Agreed, the Streaming XML record reader is a hack. My personal opinion is that the current design is broken enough to be problematic. I think the best approach would be to use a SAX parser and process each file as a single file split.
I've been using a StAX parser (the one that comes with J2EE 5). DOM and SAX doesn't cut it cause the RecordReader interface needs the ability to "pull" record by record.
I don't understand the problem. You should be able to implement the RecordReader interface with a SAX parser.
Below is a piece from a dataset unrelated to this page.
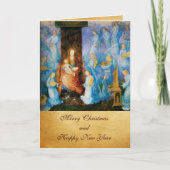 VIRGIN MET KIND - BEZORGDHEID VAN ANGELS,Blauwe sa Feestdagen Kaart (Voorkant)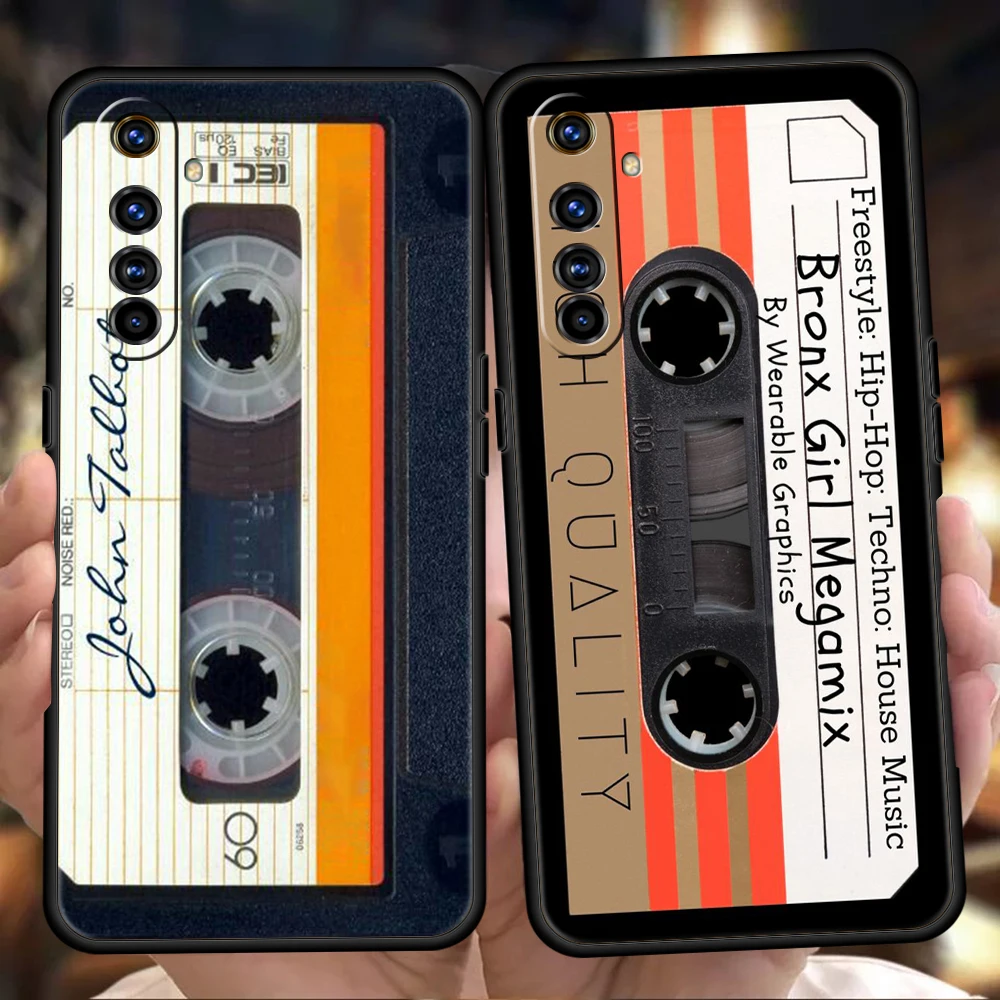 Mixtape Vintage Magnetic Tape Cassette Audio Phone Case Cover Per Oppo A12 A15 A16 A74 A76 A54 Reno 6 7 Find X5 Pro A9 Tpu Shell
1. FileSplit - I'm not sure if I should even try to implement this capability. I'm working off the LineRecordReader example, and the low level manipulation of bytes seem really tricky. With StAX, I'm not able to track where in the file I've read up to, so I'm unable to figure out when to stop parsing a section of the file. The only way that I can see this work is to "extend" my own version of BufferInputStream to track how many bytes have been read.
WIth XML, you can't really start reading in the middle of the file. So I don't see any way to handle file splits that are less than a full file.
2. Should I even bother with JAXB ? If its cumbersome, then I'd rather not use it. Alternatively, when calling "next", the application returns a single record represented by XML.
I think JAXB would be overkill. A simple SAX parser should be fine, I think...
4. I'm I re-inventing the wheel - has someone else done this ? Please let me know.
I don't think anyone has done it yet. If you can make a generally useful InputFormat, it would be nice to contribute it back.
-- Owen